The population of this oil- and gas-rich country is equally divided between people of African and Indian descent. Panday, the first prime minister of Indian heritage, has been sparring with the largely black-owned media since his administration took office in 1995, and his outbursts have been politically costly. "Recent polls have indicated that the two issues that cost the administration popularity [and] votes are corruption and attacks on press freedom," noted Keith Smith, an editor at the Daily Express.
The opposition People's National Movement (PNM), which took 16 seats in the 36-member Parliament, was seeking to overturn the victory of Panday's United National Congress (UNC) by challenging results in two of the 19 constituencies won by the UNC. The PNM charged that the two winning candidates were ineligible to serve in Parliament because both held foreign citizenship, although they were also citizens of Trinidad and Tobago.
One particularly intemperate remark landed the prime minister in court. On October 11, the High Court found Panday guilty of slandering Kenneth Gordon, a media magnate of African descent who is one of his leading critics. Gordon sued the prime minister for calling him a "pseudo-racist" during a 1997 rally.

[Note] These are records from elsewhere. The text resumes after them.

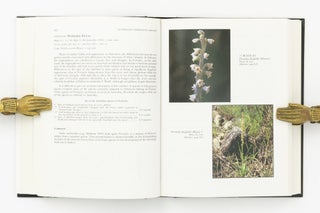 Australian Indigenous Orchids. The Epiphytes. The Tropical Terrestrial Species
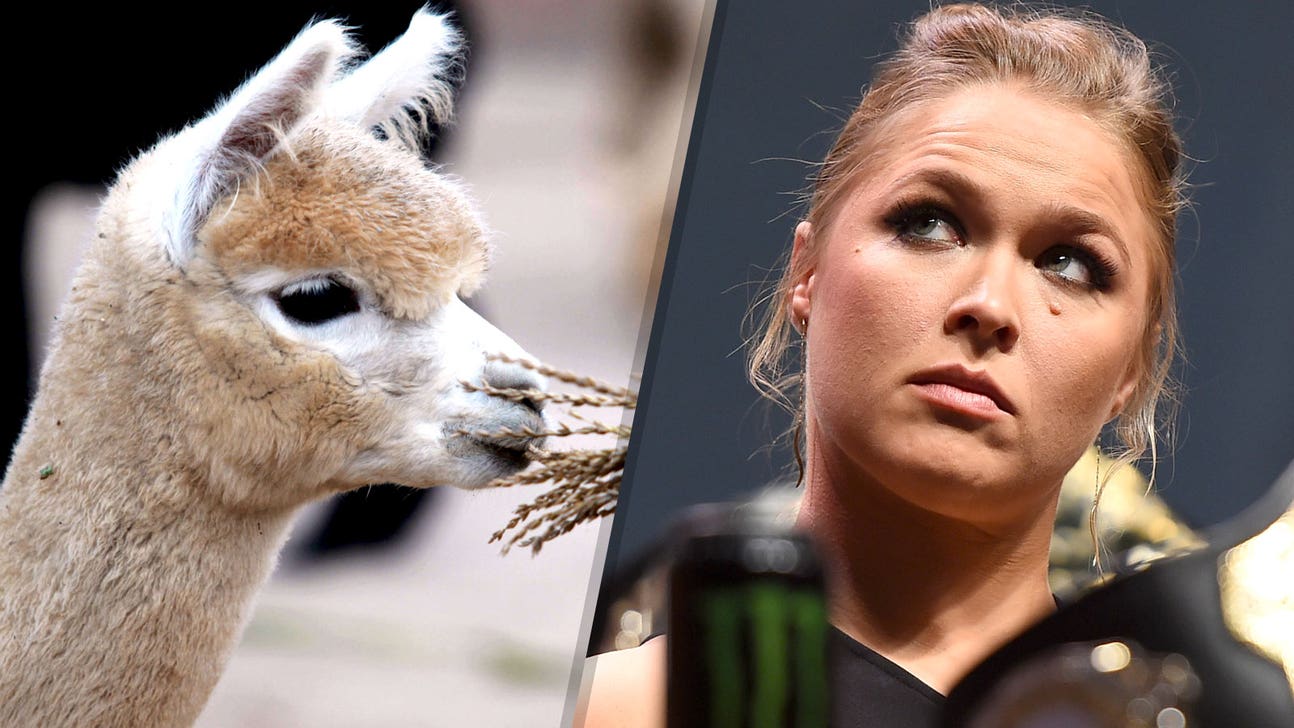 Ronda Rousey has baby llama named after her in Brazil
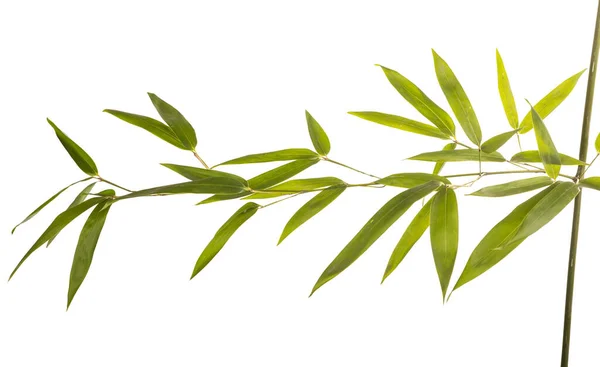 Bamboe Branch Witte Achtergrond — Stockfoto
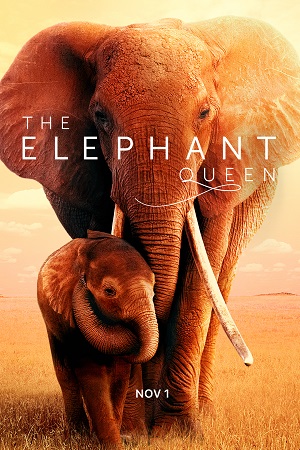 Download The Elephant Queen (2019) WEB-DL Dual Audio (Hindi-English)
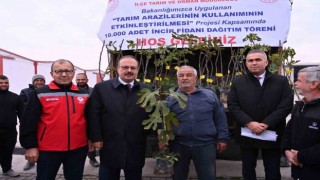 Aydında üreticilere 10 bin adet sarı lop incir fidanı dağıtıldı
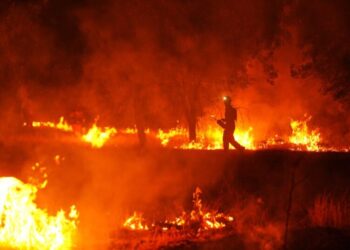 ‘No matter what you do, you can’t put it out’: Spanish firefighters describe record blaze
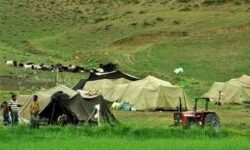هشدار مدیرکل امور عشایر ایلام درباره پیامدهای کمبود سوخت در مناطق مرزی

During a September forum in the capital, Port of Spain, the Media Association of Trinidad and Tobago (MATT), together with other Caribbean media organizations, called on journalists to exercise independence and professionalism while covering the racially charged election campaign. Panday himself seemed to refrain from his anti-media diatribes as the election approached. As MATT president Wesley Gibbings observed, "With an election in sight, it was obvious that the government decided to abide by an undeclared truce with the media."